Re: Non-stereotypical elves was Re: Quick Intro
From: | Wesley Parish <wes.parish@...> |
Date: | Saturday, February 22, 2003, 8:10 |
On Saturday 22 February 2003 02:25 am, you wrote:
> Wesley Parish wrote:
> >At last, someone who's put some thought into "Elves".
> >
> >I remind myself of the times I was warned in Papua New Guinea about
> > masalai -
> >forest spirits - who'd eat me if they caught me; and Tolkien's Quenyar are
> >essentially forest spirits with a touch of the Christian Church's Angels
> >about them.
>
> Apart from that Tolkien's elves are called "Quendi", I find that
> characterization extremely odd. Certainly, some of them were more than a
> bit fond of forests, but "forest spirits"? That sounds alot more like the
> Ents.
Sorry about that Quendi/Quenyar mix-up.
"Forest spirits"? If you go into Western folktales and folklore and suchlike,
you'll find that "elves" are spirits who live in the woodlands. Related are
the sea-spirits (Selkies) in (mostly) Scottish folk-lore - or at least, they
are the ones that spring to mind at the moment. And Tolkien can hardly be
accused of being as ignorant of that as some of the more contemporary
"Fantasy" authors appear to be - "Sword of Shannara" springs to mind.

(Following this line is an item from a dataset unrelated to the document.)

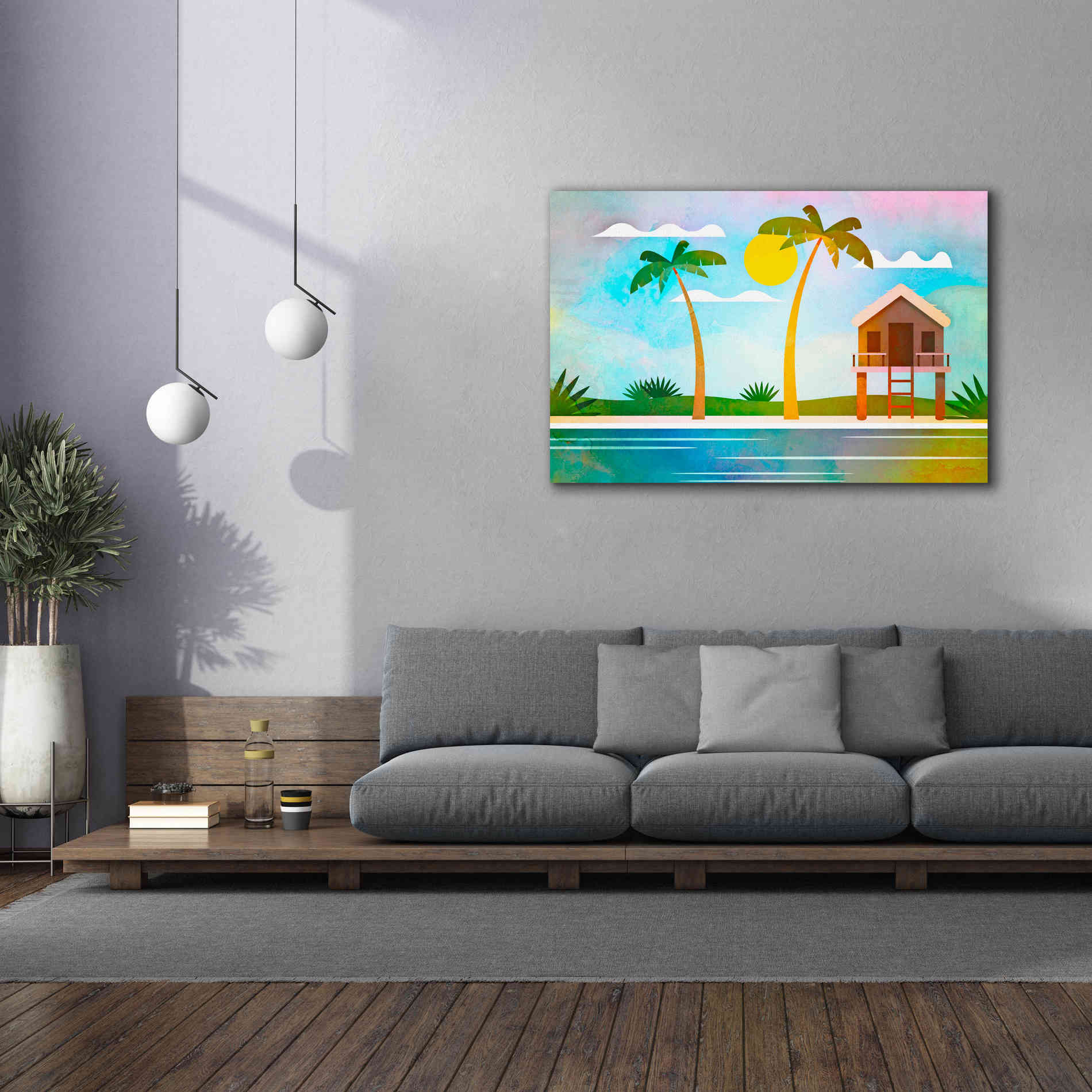 'Exotic Hideaway' by Andrea Haase, Giclee Canvas Wall Art,60 x 40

Of course, he mixed it in with a lot of potent myth, including his own
Christianity, and as a result, the Elves became so much more.
Some aspects of that that spring to mind are the Wood-Elves of Mirkwood in
"The Hobbit", which I am just rereading for the nth time - "In the Wide World
the Wood-elves lingered in the twilight of our Sun and Moon, but loved best
the stars; and they wandered in the great forests that grew tall in lands
that are now lost. ..." The "Angelic" aspects are not seen in that case.
But the various "faerie" aspects are straight from Middle English tales - the
hunt, the wood-land feasts, the King of Elfland ... and they are prettified
versions of tales told in the English "bush" of the woodland spirits who the
peasants felt constrained to keep happy.
The Ents are a form of Woodland spirit, which is of course why Fangorn gets on
so well with Celeborn, but they are the spirits of trees, they are not
spirits who frequent the woodlands. (It's like this: Ents are the
tree-spirits, of individual tree types, while Elves are the tutelary spirits
of the woodlands - and the grasslands even - see the relationship of Elves
and horses in The Silmarillion.)
Wesley Parish
--
Mau e ki, "He aha te mea nui?"
You ask, "What is the most important thing?"
Maku e ki, "He tangata, he tangata, he tangata."
I reply, "It is people, it is people, it is people."